Adhesion of Tape to Abrasive Coatings. This test was used to characterize the release properties of abrasive coatings from a production tool. The peel force necessary to remove tape from the surface of various abrasive coatings was measured. Peel force measurements were used to characterize the release properties of the surface of abrasive coatings. That is, low peel forces characterize a surface which is difficult to bond to. Therefore, a low peel force indicates formulations which may be preferred for release from a production tool.

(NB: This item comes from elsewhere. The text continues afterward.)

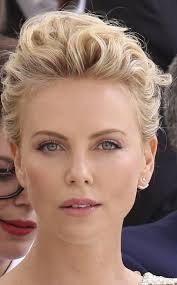 The charlizetheron community on reddit. Charlize Theron Charlize Theron Makeup Makeup Charlize Theron Source By Amylgolladay Charlize Theron Short Hair Short Hair Styles Charlize Theron Hair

First, a 3.2 cm by 10.2 cm sample strip of abrasive was affixed to the working platen of a slip/peel tester (model SP-102B-3M90 from Instrumentors, Inc equipped with an MB-10 load cell) using double stick tape. Next, 3M #202 masking tape (2.5 cm width) was adhered to the surface of the abrasive coating. The tape was pressed in contact with the abrasive coating using a 6.8 kg (3.1 lb) roller which was passed over the tape 3 times.
Immediately after rolling, the tape was peeled from the surface of the abrasive coating at a peel rate of 228 cm/min and at an angle of 180°. The force required to peel the tape from the abrasive coating was measured for a period of 2 seconds and the average peel force over the 2 second interval was calculated. The results are reported in Table 9.
Table 9 Sample Average Peel Force (grams/cm)
Example 1 5.7 Example 2 6.3
Comp. Ex. A 153
Comp. Ex. B 140
The data in Table 9 demonstrates that the force needed to remove tape from the surface of abrasive coatings of the present invention (Examples 1-2) was substantially less than the force needed to remove tape from a comparable abrasive coating which did not contain a reactive siloxane polymer (see, Comp. Ex. A-B). The data in Table 9 suggest
that abrasive coatings of the present invention will remove more cleanly from production tools because the surface of the abrasive coating is more difficult to bond to than the surface of an abrasive coatings which does not contain a reactive siloxane polymer.